#### MATERIAL PROVIDED
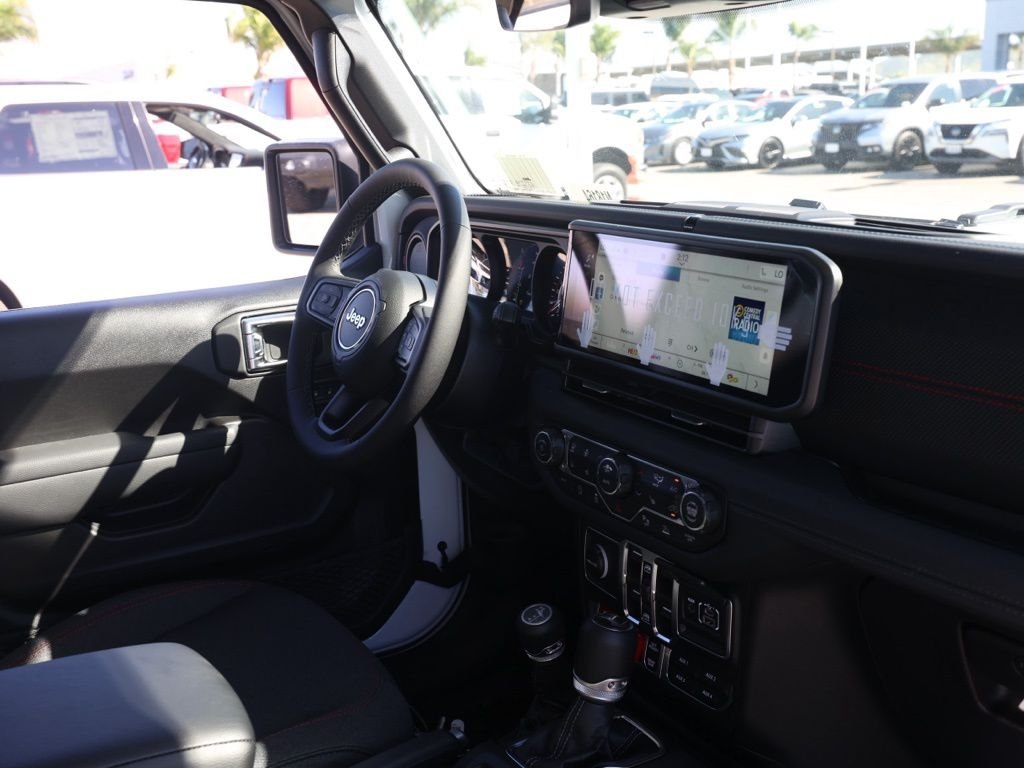 New 2026 Bright White Clear-Coat Exterior Paint Jeep Rubicon image 19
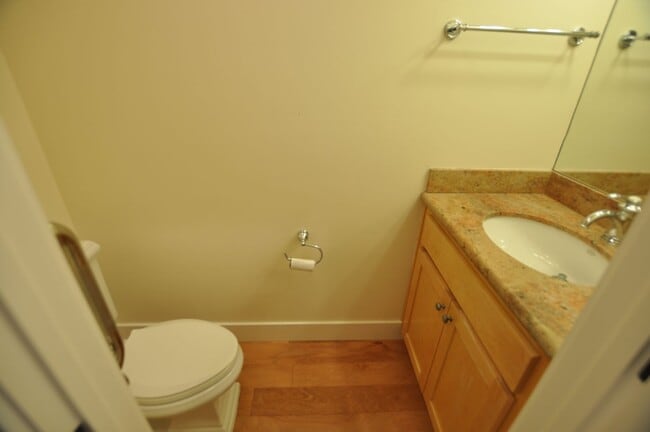 Building Photo - Luxury Craftsman Style Home in quiet San M...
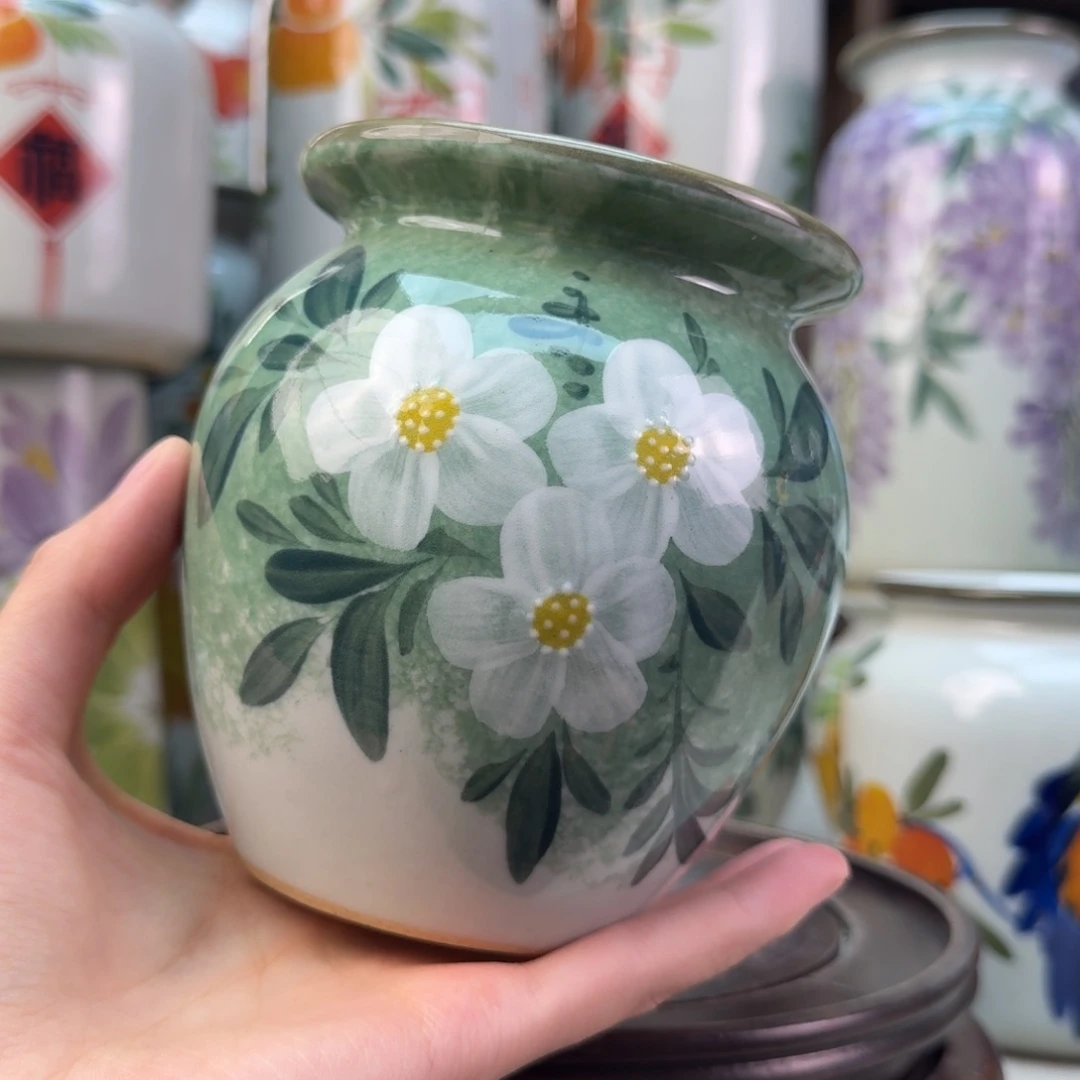 景德镇纯手绘陶瓷花瓶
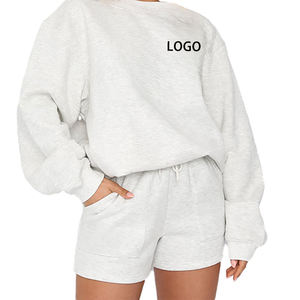 ชุดกีฬาผู้หญิงแบบสั่งทำคุณภาพสูง OEM เสื้อฮู้ดแขนยาวทรงหลวม กางเกงขาสั้น ปักลายพิมพ์แฟชั่นแนวสตรีทถักนิตติ้ง - Product Image 6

#### TASK DIRECTIONS
Nothing but an exact copy of the data above, minus its pictures, should appear in the response.

#### WRITTEN SOLUTION
 New 2026 Bright White Clear-Coat Exterior Paint Jeep Rubicon image 19
 Building Photo - Luxury Craftsman Style Home in quiet San M...
 景德镇纯手绘陶瓷花瓶
 ชุดกีฬาผู้หญิงแบบสั่งทำคุณภาพสูง OEM เสื้อฮู้ดแขนยาวทรงหลวม กางเกงขาสั้น ปักลายพิมพ์แฟชั่นแนวสตรีทถักนิตติ้ง - Product Image 6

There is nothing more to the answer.